# 410-A Vacuum pump and gauge



## remout (Jul 17, 2016)

I'll be installing a mini split that comes pre charged with 410-A. It also comes with line lengths of my choosing. I'll need to connect the lines and pull a vacuum.

Please recommend an affordable pump and gauges. If it's a matter of inexpensive pumps take longer, that's fine with me. I've got more time than money.

Many thanks!


----------



## kok328 (Jul 17, 2016)

I'm totally pro DIY but, sometimes you you run into a situation where for whatever reasons you have to farm it out.
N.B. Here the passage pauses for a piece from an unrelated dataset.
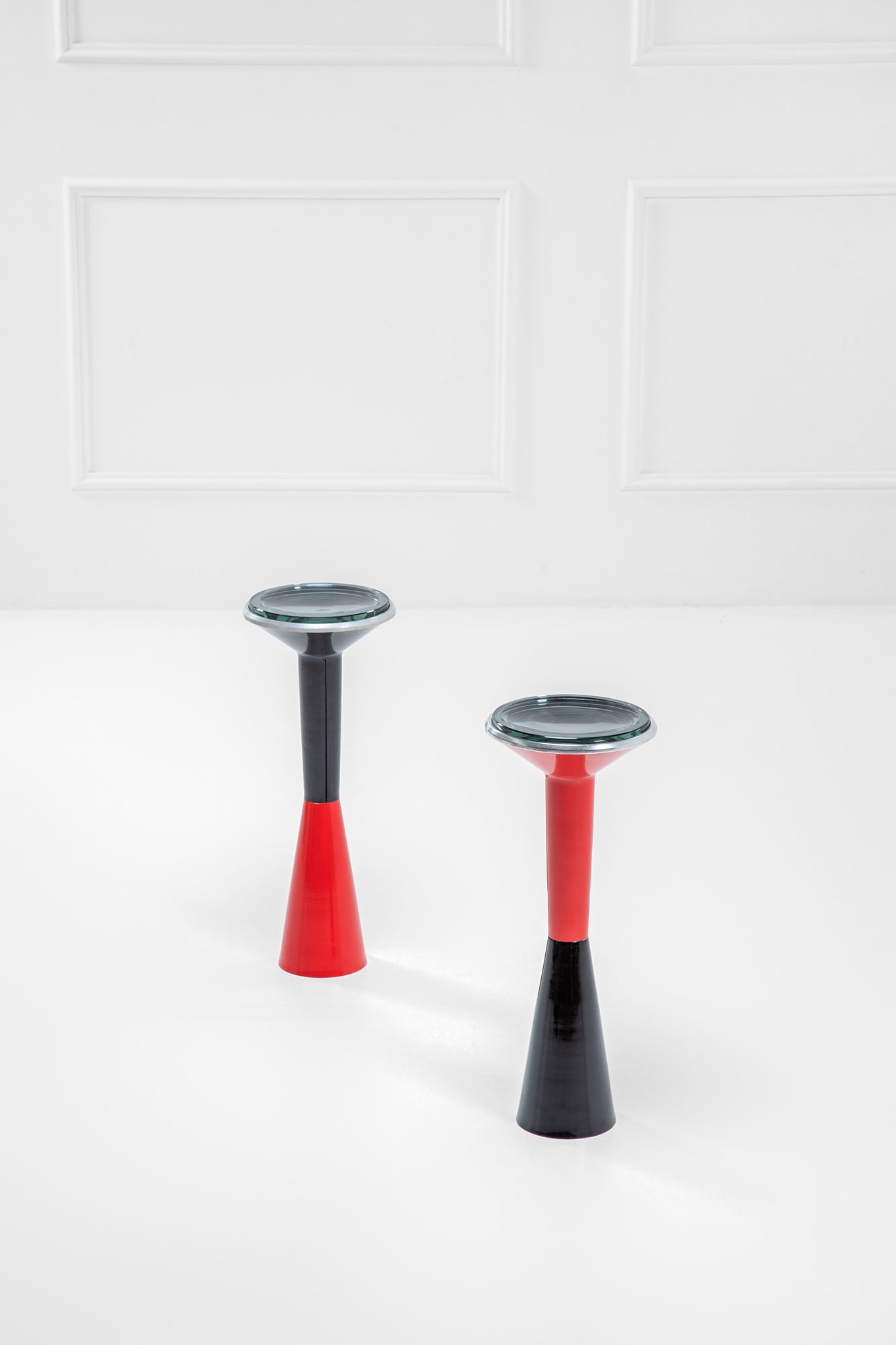 Formanova, Due tavolini da appoggio: Due tavolini d'appoggio Metallo verniciato, metallo nichelato, cristallo molato. Prod. Formanova, 1960 ca. h cm 64, diam. cm 26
In this case the cost of a set of gauges and a vacuum pump will exceed the cost of hiring a tech to make the connection for you.


----------



## slownsteady (Jul 17, 2016)

If Kok is right, then you might do the install, but hire a guy to do the startup.


----------



## remout (Jul 18, 2016)

Any advice on pump and gauges?

Thanks!


----------



## kok328 (Jul 18, 2016)

Yellow Jacket is a popular brand of pump and guage.
Just make sure it's for 410-A and not R-22.
Your looking at around $500 to own both.


----------



## WyrTwister (Sep 13, 2016)

I bought my *Robinair vacuum pump from a pawn shop 15 - 20 years ago .  Bought a new set of gauges off the internet about 6 months ago .

     The tooling can be had for less than $ 500 .

God bless
Wyr
*


----------